● What you will do
Once you have read the entries below, give them all again without any difference.
*** Information ***
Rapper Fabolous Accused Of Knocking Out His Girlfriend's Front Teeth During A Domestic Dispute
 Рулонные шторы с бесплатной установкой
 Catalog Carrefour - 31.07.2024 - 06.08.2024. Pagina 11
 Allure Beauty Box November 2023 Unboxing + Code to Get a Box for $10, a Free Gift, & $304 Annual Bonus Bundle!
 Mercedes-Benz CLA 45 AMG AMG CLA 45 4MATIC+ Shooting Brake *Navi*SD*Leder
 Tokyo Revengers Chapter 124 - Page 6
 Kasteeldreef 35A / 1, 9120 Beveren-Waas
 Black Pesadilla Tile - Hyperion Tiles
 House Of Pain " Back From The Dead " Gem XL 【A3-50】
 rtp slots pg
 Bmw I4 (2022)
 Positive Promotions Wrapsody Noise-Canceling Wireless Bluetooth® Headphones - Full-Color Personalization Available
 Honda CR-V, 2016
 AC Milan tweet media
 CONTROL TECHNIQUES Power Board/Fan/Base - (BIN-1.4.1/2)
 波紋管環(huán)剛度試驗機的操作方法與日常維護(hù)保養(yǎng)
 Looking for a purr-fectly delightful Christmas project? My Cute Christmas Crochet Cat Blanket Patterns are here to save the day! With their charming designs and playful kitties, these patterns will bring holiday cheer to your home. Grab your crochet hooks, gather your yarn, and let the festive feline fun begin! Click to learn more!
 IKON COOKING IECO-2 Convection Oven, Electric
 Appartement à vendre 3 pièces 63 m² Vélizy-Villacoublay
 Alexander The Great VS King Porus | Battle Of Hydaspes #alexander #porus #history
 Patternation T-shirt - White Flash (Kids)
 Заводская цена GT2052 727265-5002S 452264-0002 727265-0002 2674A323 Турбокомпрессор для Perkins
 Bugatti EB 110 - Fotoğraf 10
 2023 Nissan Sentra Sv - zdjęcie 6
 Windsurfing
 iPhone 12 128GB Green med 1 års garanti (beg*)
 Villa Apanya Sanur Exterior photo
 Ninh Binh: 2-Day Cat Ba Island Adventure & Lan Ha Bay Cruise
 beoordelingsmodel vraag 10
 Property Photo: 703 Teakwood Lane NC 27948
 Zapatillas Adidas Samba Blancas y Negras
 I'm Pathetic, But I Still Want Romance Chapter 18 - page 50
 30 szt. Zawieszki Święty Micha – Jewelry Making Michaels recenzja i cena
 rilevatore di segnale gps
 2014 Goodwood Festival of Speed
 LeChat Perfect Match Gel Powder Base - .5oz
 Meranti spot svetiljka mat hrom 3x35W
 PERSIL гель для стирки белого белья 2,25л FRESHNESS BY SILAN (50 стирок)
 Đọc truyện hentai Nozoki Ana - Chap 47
*** End of Information ***
● Answer below
Rapper Fabolous Accused Of Knocking Out His Girlfriend's Front Teeth During A Domestic Dispute
 Рулонные шторы с бесплатной установкой
 Catalog Carrefour - 31.07.2024 - 06.08.2024. Pagina 11
 Allure Beauty Box November 2023 Unboxing + Code to Get a Box for $10, a Free Gift, & $304 Annual Bonus Bundle!
 Mercedes-Benz CLA 45 AMG AMG CLA 45 4MATIC+ Shooting Brake *Navi*SD*Leder
 Tokyo Revengers Chapter 124 - Page 6
 Kasteeldreef 35A / 1, 9120 Beveren-Waas
 Black Pesadilla Tile - Hyperion Tiles
 House Of Pain " Back From The Dead " Gem XL 【A3-50】
 rtp slots pg
 Bmw I4 (2022)
 Positive Promotions Wrapsody Noise-Canceling Wireless Bluetooth® Headphones - Full-Color Personalization Available
 Honda CR-V, 2016
 AC Milan tweet media
 CONTROL TECHNIQUES Power Board/Fan/Base - (BIN-1.4.1/2)
 波紋管環(huán)剛度試驗機的操作方法與日常維護(hù)保養(yǎng)
 Looking for a purr-fectly delightful Christmas project? My Cute Christmas Crochet Cat Blanket Patterns are here to save the day! With their charming designs and playful kitties, these patterns will bring holiday cheer to your home. Grab your crochet hooks, gather your yarn, and let the festive feline fun begin! Click to learn more!
 IKON COOKING IECO-2 Convection Oven, Electric
 Appartement à vendre 3 pièces 63 m² Vélizy-Villacoublay
 Alexander The Great VS King Porus | Battle Of Hydaspes #alexander #porus #history
 Patternation T-shirt - White Flash (Kids)
 Заводская цена GT2052 727265-5002S 452264-0002 727265-0002 2674A323 Турбокомпрессор для Perkins
 Bugatti EB 110 - Fotoğraf 10
 2023 Nissan Sentra Sv - zdjęcie 6
 Windsurfing
 iPhone 12 128GB Green med 1 års garanti (beg*)
 Villa Apanya Sanur Exterior photo
 Ninh Binh: 2-Day Cat Ba Island Adventure & Lan Ha Bay Cruise
 beoordelingsmodel vraag 10
 Property Photo: 703 Teakwood Lane NC 27948
 Zapatillas Adidas Samba Blancas y Negras
 I'm Pathetic, But I Still Want Romance Chapter 18 - page 50
 30 szt. Zawieszki Święty Micha – Jewelry Making Michaels recenzja i cena
 rilevatore di segnale gps
 2014 Goodwood Festival of Speed
 LeChat Perfect Match Gel Powder Base - .5oz
 Meranti spot svetiljka mat hrom 3x35W
 PERSIL гель для стирки белого белья 2,25л FRESHNESS BY SILAN (50 стирок)
 Đọc truyện hentai Nozoki Ana - Chap 47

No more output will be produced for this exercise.